For few minutes I wondered if I loved anyone, if I was even capable of love, real and true love. There were moments when I thought I did love. Moments I felt it so much I could almost physically touch it, with Barb, and... yeah, with Lana too. Was that just fooling myself even more?

I looked ahead in the line. It wasn't Antwan today. I wondered if that was a misspelling of 'Anton,' which happened to be my ol' man's name. I'd noticed that with African-American names. I was never sure if names like that were misspelled, spelled phonetically, or some totally different name, some Swahili name or something that was close to some 'normal name.' Was that a racist thought? No, it was a spelling thought. I recalled some black comedian's shtick about girl's names in the hood, sisters christened with names of household products. One had been 'Ipana,' the old toothpaste. My brow pinched, wondering if that toothpaste was still made. I closed my eyes and took a slow breath. Why was I thinking about stupid shit like that now?

"Next. You awake?"

I opened my eyes. It was a fat white guy. "Yeah."

"Metal objects in the box."

I got through check-in and entered the cafeteria area. I saw Barb already sitting at the table. She smiled and stood as I approached. We embraced, kissed, I hugged her and we did our code question and response. I could see she was nervous. I tried not to seem like I was.

"I found out that check-in at the… the other building takes a while, so… so we only have a half hour or so here, then… then you need to talk to one of the guards at the visitors entrance to be escorted to the other building."

"That's where… ahh… they'll do the cavity search?"

Barb nodded. She took a slow breath. "I'm… I'm so sorry about that, honey."

"Don't worry about it, Barb." I put a smile on my face.

We chatted nervously for twenty minutes. I got a soda and we split it. I think both our mouths were dry. When a half hour had elapsed, Barb got up and went to a guard at the prisoner exit of the cafeteria. She spoke to the woman for a couple minutes. The woman spoke into a radio, then nodded at Barb.
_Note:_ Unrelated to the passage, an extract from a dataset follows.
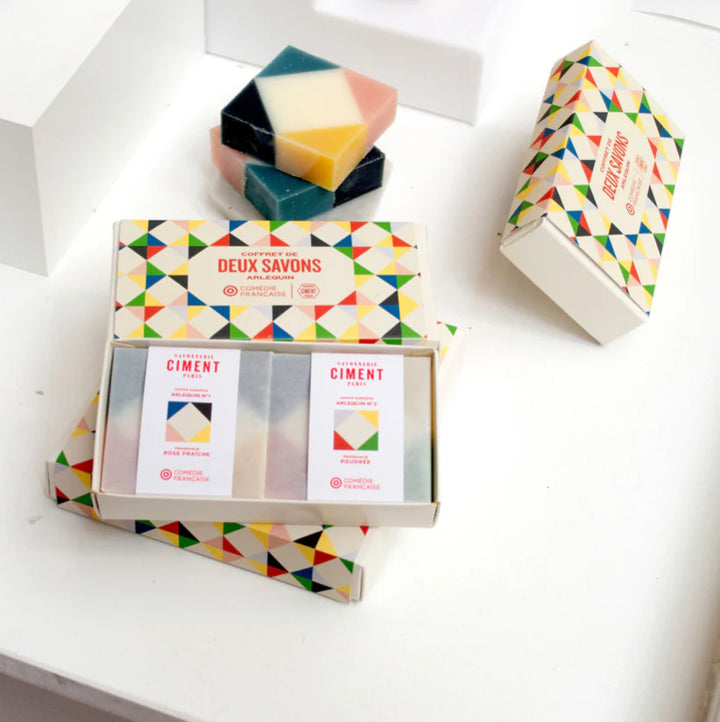 Opened organic Ciment Arlequin soap gift box on a desk with two unwrapped colorful soaps beside it.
Barb returned and sat down. "We… we could start over there now. There's a small waiting room there I guess, one for visitors, one for the inmates, then… then we're both called when a room is open, but I think we'll just have longer to wait there. I guess they're a little behind already. Do… do you want to stay here or… or wait there?"

"We won't be together waiting?"

"No." Barb's eyes welled.

I took her hand in mine. "What's wrong, sweetheart?"
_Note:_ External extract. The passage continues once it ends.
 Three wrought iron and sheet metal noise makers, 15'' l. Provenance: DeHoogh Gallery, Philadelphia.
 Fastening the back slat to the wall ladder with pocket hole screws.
"I… I know this is all so awful. I-I wish it was all… all better. I'm… I'm so sorry it's not. I so sorry to put you thro…"

I interrupted, "Barbara, stop it. I'm not thinking anything like that. I want to be here with you, and… and make love with you today." I forced a smile to my mouth. "You know, I'd stand in line for days to have a chance with you, so… quit saying that kind of thing. Okay, it's not going to be Waldorf, so what?"

She grabbed a napkin and wiped her eyes. She held my hand tighter. "I love you so much, did you know that?"

"Yeah, and… I love you too, Barbara."

It was lucky we didn't leave earlier. It was another twenty minutes before a guard came over and told Barb and I it was time to go over to the conjugal building. Barb went with the guard out the exit on the other side of the room, I went back towards visitor check-in and was escorted out of the building then into a small single story concrete block structure. Inside I was strip searched, then a bored looking, middle aged guard did the cavity search. I expected it to be awful but it was quick, perfunctory, and hurt a little. The guard didn't say anything except, "Bend over," and then, "There's tissues on the counter. Get dressed and take a seat in the waiting room. Your name'll be called."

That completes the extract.